In a poker simulator, ca 2005, I wrote just such an engine in Python. The problem I was facing was how to score and play an effectively infinite variations of poker, where in home game style rules could be tied to any event.  For example, all Queens are wild when a one-eyed jack is showing, unless the Queen of clubs is in the river.  The rules of the game consist of a finite state machine, which radically alters the meaning of a few cards based on the state of the game.  Now when you can consider this expression as:

  All X are Y when Z unless Q

And realize that you can chain apply any number of rules on top of this with additional conditions, you quickly have a hard time generating a scoring algorithm let alone a strategy algorithm for each variation.  The final approach was a self-modifying state machine which injected rules into a continuation array which was modifyable by any operation. A method could scan and inject one or more methods anywhere into the continuation as well as remove an arbitrary number.  Since copies of the array could also be attached to any method, branches could be represented as possible futures attached to conditional evaluators.   In this way all possible combinations could be modeled in that any operation could reinvent the future at any point by altering the continuation. 

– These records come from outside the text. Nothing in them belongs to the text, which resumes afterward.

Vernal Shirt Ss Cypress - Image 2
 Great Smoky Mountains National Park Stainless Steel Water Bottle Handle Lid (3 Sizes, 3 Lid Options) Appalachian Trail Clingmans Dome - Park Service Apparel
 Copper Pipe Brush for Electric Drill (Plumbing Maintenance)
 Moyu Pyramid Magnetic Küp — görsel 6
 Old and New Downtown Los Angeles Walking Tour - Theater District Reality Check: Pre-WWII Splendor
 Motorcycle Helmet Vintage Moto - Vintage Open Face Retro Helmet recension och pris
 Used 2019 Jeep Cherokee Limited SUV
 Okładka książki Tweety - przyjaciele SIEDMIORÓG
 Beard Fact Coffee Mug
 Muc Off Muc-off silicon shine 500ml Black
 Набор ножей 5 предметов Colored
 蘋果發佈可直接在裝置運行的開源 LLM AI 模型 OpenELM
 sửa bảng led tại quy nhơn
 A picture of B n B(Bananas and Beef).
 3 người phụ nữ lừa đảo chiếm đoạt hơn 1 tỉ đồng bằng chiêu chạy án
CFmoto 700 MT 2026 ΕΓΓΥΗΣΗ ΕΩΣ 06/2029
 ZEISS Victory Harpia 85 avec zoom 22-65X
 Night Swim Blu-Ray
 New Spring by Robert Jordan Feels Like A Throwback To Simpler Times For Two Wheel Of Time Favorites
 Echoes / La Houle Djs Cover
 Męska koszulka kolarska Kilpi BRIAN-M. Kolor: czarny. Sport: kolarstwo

In this secanario, a loop could be constructed by injecting a call back to the current module at the appropriate point.  Much like an Erlang module that calls itself using a MFA spawn, each thread of execution would determine its own fate, and in sequence all futures would contend.  This allowed the AI to adapt its strategy by rewriting its plan on the fly, and allow the scoring engine to modify its scoring strategy based on events in the game. Rather than programming for each possibility, small sections of the program new how to assemble themselves into useful aggregates. This scheme ultimately only worked because of the concatenative nature of each individual method. In effect I had an object oriented forth in python that used an event driven architecture to self-modify its execution path. 

I am working on a new system in JavaScript now that works roughly the same way. And it is funny because once again I find myself on a return path I did not expect to find.